Screening and Security
World Cup visitors come from everywhere. Most are just fans looking for a place to sleep and a way to get to the stadium. But a major international event also attracts opportunists.
Use platform verification tools. Require government ID. Set clear house rules about noise, parties, and guest counts. If you are renting rooms while home, this is straightforward. If renting your entire place, consider a smart lock with unique codes for each booking and a noise monitoring device.
Document Everything
Take photos of your property before the first guest arrives. Document the condition of furniture, appliances, walls, everything. If there is damage, you need evidence to file a claim. This applies whether you are going through Airbnb resolution or your own insurance.
What If You Have Tenants?
If your rental property has tenants, the World Cup does not change your obligations. You cannot remove tenants to capitalize on short-term rental demand. Here is what you should be aware of:
Unauthorized subletting
If your tenant lists the unit on Airbnb without permission, you can apply to the LTB to stop the activity. An N5 notice for unauthorized subletting is appropriate here.
Noise and disturbances
If surrounding World Cup activity causes issues in your building, document complaints and address them through normal channels. This is not grounds for eviction.
Lease enforcement
Review your lease for clauses about subletting and short-term rental use. If your lease prohibits subletting without consent, enforce it. If it is silent, consider adding clear language at the next renewal.
Rent collection
The World Cup does not affect rent obligations. Rent is still due on the date specified in the lease. If tenants claim World Cup-related disruptions as a reason for late payment, that is not a valid defense at the LTB.
Tax Implications
Short-term rental income is taxable. Full stop. The CRA expects you to report all rental income from Airbnb, VRBO, or direct bookings on your tax return.

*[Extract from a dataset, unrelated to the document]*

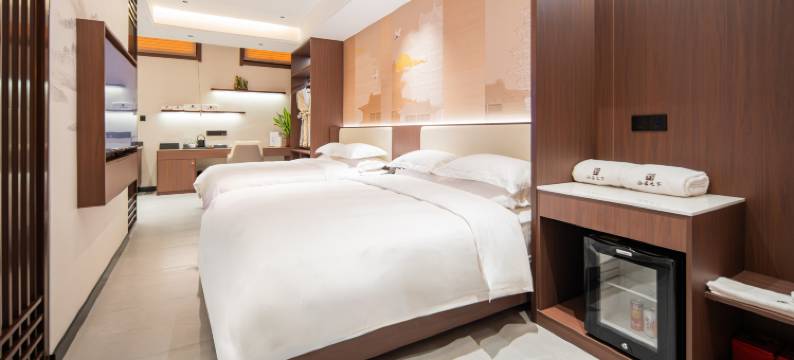 白云之下客栈图片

The good news: you can deduct eligible expenses. Registration fees, cleaning costs, platform service fees, the portion of utilities attributable to the rental, insurance premiums, and supplies like linens or toiletries. Keep receipts for everything.

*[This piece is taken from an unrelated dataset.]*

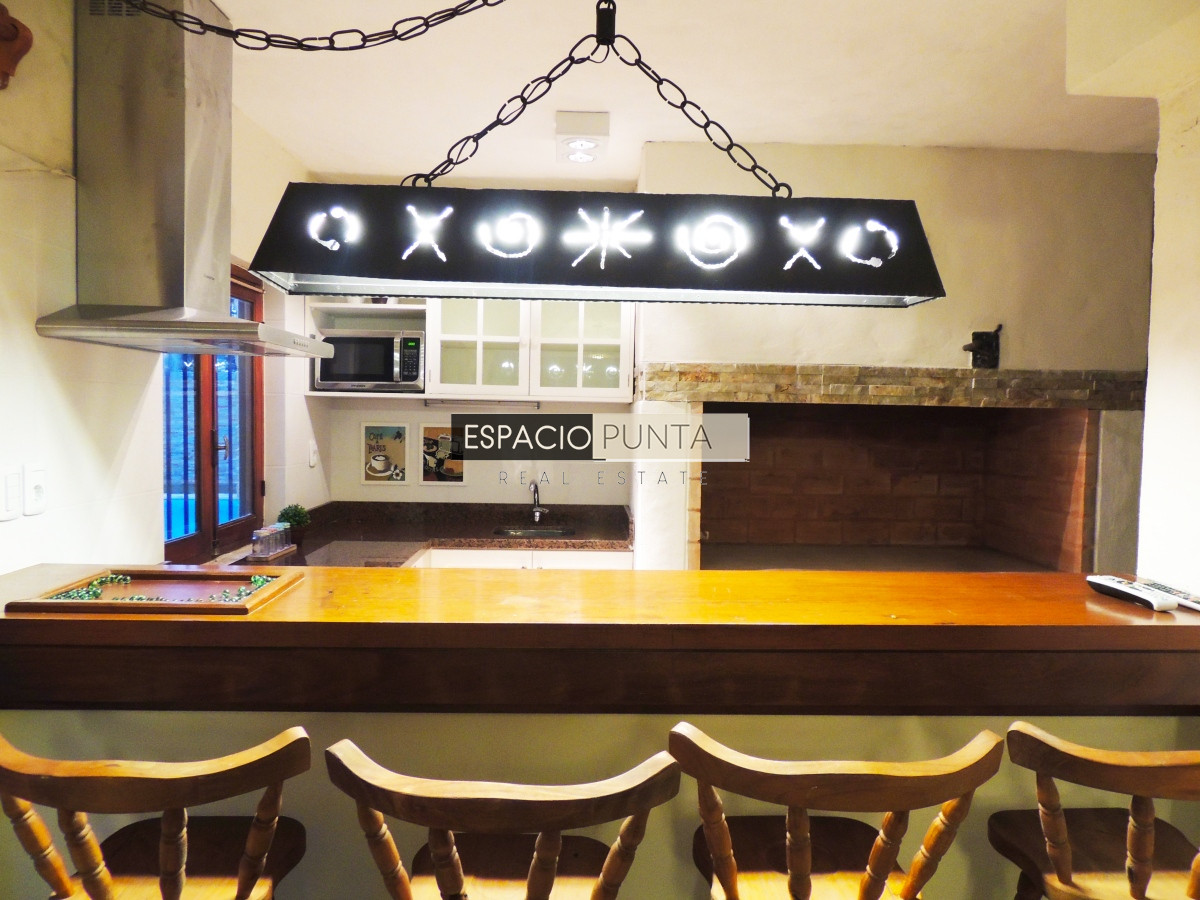 Casa ID.295 - Vendo Excelente Casa en Playa Mansa Punta del Este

If you earn more than $30,000 in short-term rental revenue in a 12-month period, you may need to register for GST/HST. For most landlords doing a few weeks during the World Cup, this threshold will not be an issue. But if you combine World Cup income with year-round hosting, track your cumulative total.
A Timeline for Getting Ready
Now (March-April 2026)
Register with the City of Toronto if you have not already. Review your insurance. Start listing your property - early listings capture guests who plan ahead.
May 2026
Finalize your pricing strategy. Prepare the space - deep clean, stock supplies, take listing photos. Set up your check-in process and house rules.
June 1-11
Final prep before the tournament opens June 12. Test your smart lock, confirm your listing details, and double-check your STR registration number is visible on all listings.
June 12 - July 2
Tournament window. Manage bookings, respond to guest messages promptly, handle turnovers between guests. Keep your space clean and well-maintained throughout.
July 2026
Post-tournament wrap-up. Document any damage, file insurance claims if needed, and keep your income records organized for tax time.
The Bottom Line
The World Cup is a once-in-a-generation opportunity for Toronto property owners. If you live in your own home near BMO Field or anywhere along the TTC, you can legitimately earn thousands of dollars over a few weeks by hosting visitors.
But the rules are non-negotiable. Principal residence only. City registration required. No evicting tenants. No illegal conversions. The landlords who benefit most will be the ones who do this by the book - not the ones who try to cut corners and hope enforcement does not catch up.
Get registered, get insured, get your space ready. The world is coming to Toronto. Make the most of it.